You can set your tokenizer via the set_tokenizer(tok) function imported from dataquality.integrations.seq2seq.core

NOTE: We assume that the tokenizer you provide is the same tokenizer used for training. This must be true in order to align inputs and outputs correctly. Ensure all necessary properties (like add_eos_token) are set before setting your tokenizer so as to match the tokenization process to your training process.

watch(tokenizer, model_type, model=None, generation_config=None, generation_splits=None, max_input_tokens=None, max_target_tokens=None, response_template=None)#

Seq2seq only. Log model generations for your run

Return type:

None

Iterates over a given dataset and logs the generations for each sample. To generate outputs, a model that is an instance of transformers PreTrainedModel

must be given and it must have a generate method.

Unlike other watch functions, in this one we are just registering the model and generation config and not attaching any hooks to the model. We call it ‘watch’ for consistency.

dataquality.integrations.seq2seq.s2s_trainer module#

validate_cols(ds, input_col, target_col)#

Validates that the input and target columns are in the dataset

Return type:

None

tokenize(ds, tokenizer, input_col, target_col, max_input_length, max_target_length)#
Return type:

Dataset

get_trainer(dd, input_col, target_col, training_config, generation_config)#

Sets up the model and tokenizer for training

Note that for now this fn is a misnomer since our initial implementation is not using the Trainer class from transformers. We will likely refactor this in the future to use the Trainer class.

For now, this function sets up the model and tokenizer, tokenizes the data, for each split, calls the DQ watch function, and returns the model and and tokenized dataset dict.

Return type:

Tuple[PreTrainedModel, Dict[str, DataLoader]]

do_train(model, dataloaders, training_config, wait)#
Return type:

PreTrainedModel

dataquality.integrations.seq2seq.schema module#

class Seq2SeqDatasetConfig(hf_data=None, train_path=None, val_path=None, test_path=None, train_data=None, val_data=None, test_data=None, input_col='input', target_col='target', formatter=<factory>)#

Bases: BaseAutoDatasetConfig

Configuration for creating a dataset from a file or object

One of hf_name, train_path or train_dataset should be provided. If none of those is, a demo dataset will be loaded by Galileo for training.

Parameters:
  • hf_data (Union[DatasetDict, str, None]) – Union[DatasetDict, str] Use this param if you have huggingface data in the hub or in memory.

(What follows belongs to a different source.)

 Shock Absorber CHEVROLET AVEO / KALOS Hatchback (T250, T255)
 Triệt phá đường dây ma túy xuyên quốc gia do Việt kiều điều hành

Otherwise see train_data, val_data, and test_data. If provided, train_data, val_data, and test_data are ignored

  • train_path (Optional[str]) – Optional path to training data file to use. Must be: * Path to a local file

  • val_path (Optional[str]) – Optional path to validation data to use. Must be: * Path to a local file

  • test_path (Optional[str]) – Optional test data to use. Must be: * Path to a local file

  • train_data (Union[DataFrame, Dataset, None]) – Optional training data to use. Can be one of * Pandas dataframe * Huggingface dataset

  • val_data (Union[DataFrame, Dataset, None]) – Optional validation data to use. Can be one of * Pandas dataframe * Huggingface dataset

  • test_data (Union[DataFrame, Dataset, None]) – Optional test data to use. Can be one of * Pandas dataframe * Huggingface dataset

  • input_col (str) – Column name for input data, defaults to “input” for S2S

  • target_col (str) – Column name for target data, defaults to “target” for S2s

input_col: str = 'input'#
target_col: str = 'target'#
class Seq2SeqTrainingConfig(model='google/flan-t5-base', epochs=3, learning_rate=0.0003, batch_size=4, create_data_embs=None, data_embs_col='input', return_model=False, accumulation_steps=4, max_input_tokens=512, max_target_tokens=128)#

Bases: BaseAutoTrainingConfig

Configuration for training a seq2seq model

Parameters:
  • model (str) – The pretrained AutoModel from huggingface that will be used to tokenize and train on the provided data. Default google/flan-t5-base

  • epochs (int) – Optional num training epochs. If not set, we default to 3

  • learning_rate (float) – Optional learning rate. If not set, we default to 3e-4

  • accumulation_steps (int) – Optional accumulation steps. If not set, we default to 4

  • batch_size (int) – Optional batch size. If not set, we default to 4

  • create_data_embs (Optional[bool]) – Whether to create data embeddings for this run. If set to None, data embeddings will be created only if a GPU is available

  • max_input_tokens (int) – Optional max input tokens. If not set, we default to 512

  • max_target_tokens (int) – Optional max target tokens. If not set, we default to 128

  • data_embs_col (str) – Optional text col on which to compute data embeddings. If not set, we default to ‘input’, can also be set to target or generated_output

model: str = 'google/flan-t5-base'#
epochs: int = 3#
accumulation_steps: int = 4#
max_input_tokens: int = 512#
max_target_tokens: int = 128#
data_embs_col: str = 'input'#
class Seq2SeqGenerationConfig(max_new_tokens=64, temperature=0.2, do_sample=False, top_p=1.0, top_k=50, generation_splits=None)#

Bases: object

Configuration for generating insights from a trained seq2seq model

We use the default values in HF GenerationConfig See more about the parameters here: https://huggingface.co/docs/transformers/v4.30.0/en/main_classes/text_generation#transformers.GenerationConfig

Parameters:

generation_splits (Optional[List[str]]) – Optional list of splits to generate on. If not set, we default to [“test”]

max_new_tokens: int = 64#
temperature: float = 0.2#
do_sample: bool = False#
top_p: float = 1.0#
top_k: int = 50#
generation_splits: Optional[List[str]] = None#

Module contents#